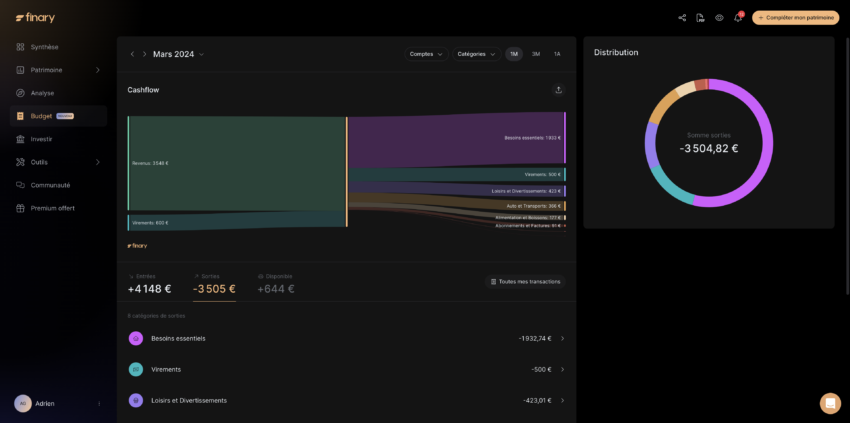 suivi budget sur finary plus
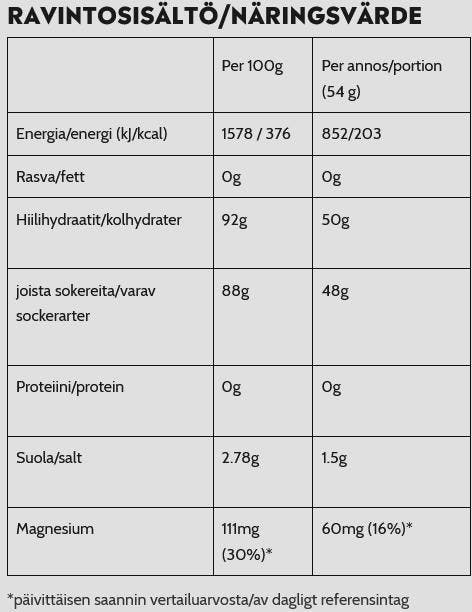 Nosht High Energy Sports Drink Buckthorn Orange  02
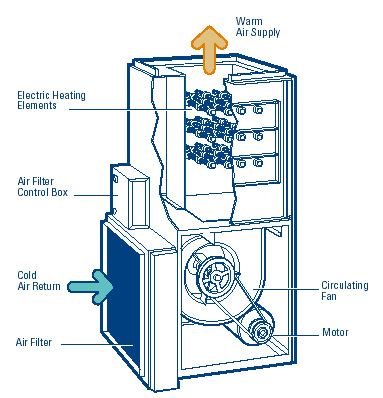 How Electric Furnaces Work - Provincial Heating & Cooling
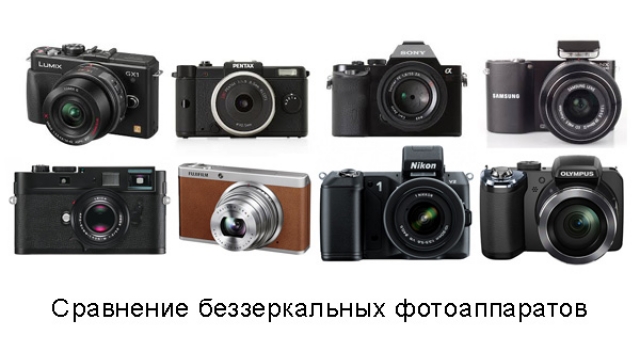 Сравнение беззеркальных фотоаппаратов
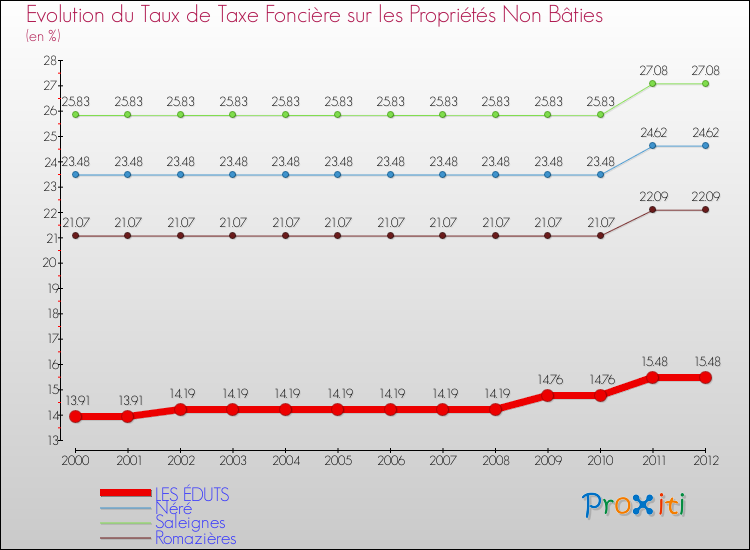 Evolution du taux de la taxe foncière sur les immeubles et terrains non batis pour LES ÉDUTS et les communes proches de 2000 à 2012 Comparaison des taux de la taxe foncière sur les immeubles et terrains non batis pour LES ÉDUTS et les communes voisines de 2000 à 2012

▸ WORK REQUEST
Exact copy, no pictures: reproduce the whole listing above.

▸ ANSWER BOX
 suivi budget sur finary plus
 Nosht High Energy Sports Drink Buckthorn Orange  02
 How Electric Furnaces Work - Provincial Heating & Cooling
 Сравнение беззеркальных фотоаппаратов
 Evolution du taux de la taxe foncière sur les immeubles et terrains non batis pour LES ÉDUTS et les communes proches de 2000 à 2012 Comparaison des taux de la taxe foncière sur les immeubles et terrains non batis pour LES ÉDUTS et les communes voisines de 2000 à 2012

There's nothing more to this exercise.